Despite this, US Initial Jobless Claims for the week ending March 31 rose to 228K from 200K anticipated and an upwardly revised 246K the prior week. Notable is the increase in Challenger Job Cuts from 77,77K to 89,703K in the given month.

 

Notably, Reuters fanned fears of a recession by citing the most recent decline in the preferred bond market indicator of Federal Reserve (Fed) Chairman Jerome Powell. The most reliable bond market indicator of an imminent economic contraction, according to Federal Reserve research, is the "near-term forward spread" between the forward rate on Treasury bills 18 months from now and the current yield on three-month Treasury bills.

 

According to Reuters, International Monetary Fund (IMF) Managing Director Kristalina Georgieva stated in prepared remarks on Thursday that the global economy is projected to expand by less than 3% in 2023, a decrease from 3.4% in 2022.

 

In other news, Germany's Industrial Production (IP) increased 0.6% year-over-year in February, versus market predictions of -2.7% and previous readings of -1.7%. Additionally, the monthly figures exceeded expectations by 0.1%, coming in at 2.0% compared to 3.7% previously.
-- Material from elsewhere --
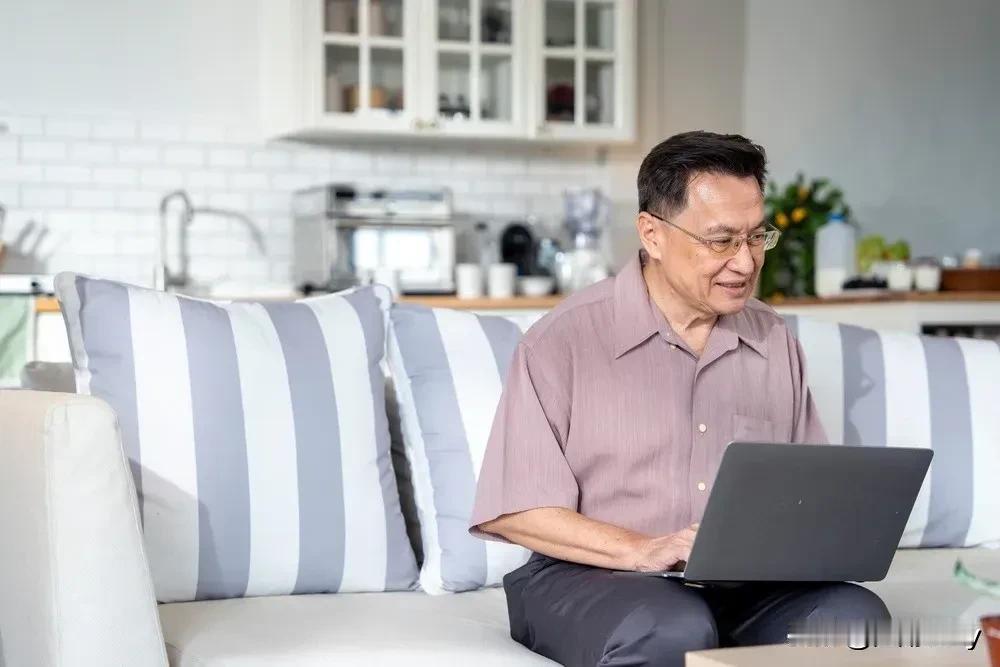 退休后，
我觉得，每天坚持写两篇微头条，也是一种精神享受啊！

近期我发现，有许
On Wednesday, Germany Factory Orders for February improved to -5.7% YoY from -12.0% previously revised down and -10.5% market expectations, while MoM growth came in at 4.8% compared to 0.3% expected and 0.5% previous readings.

 

Wall Street and US Treasury bond yields have both reduced weekly losses as a result of these strategies, but investors remain skeptical.

 

In the context of less liquidity surrounding the March US employment report, sporadic activity on the major markets can keep the EUR/USD inactive and prone to abrupt price swings. Notable is the fact that recent dovish Fed forecasts and disappointing US data generate expectations for a positive surprise and enormous price volatility thereafter.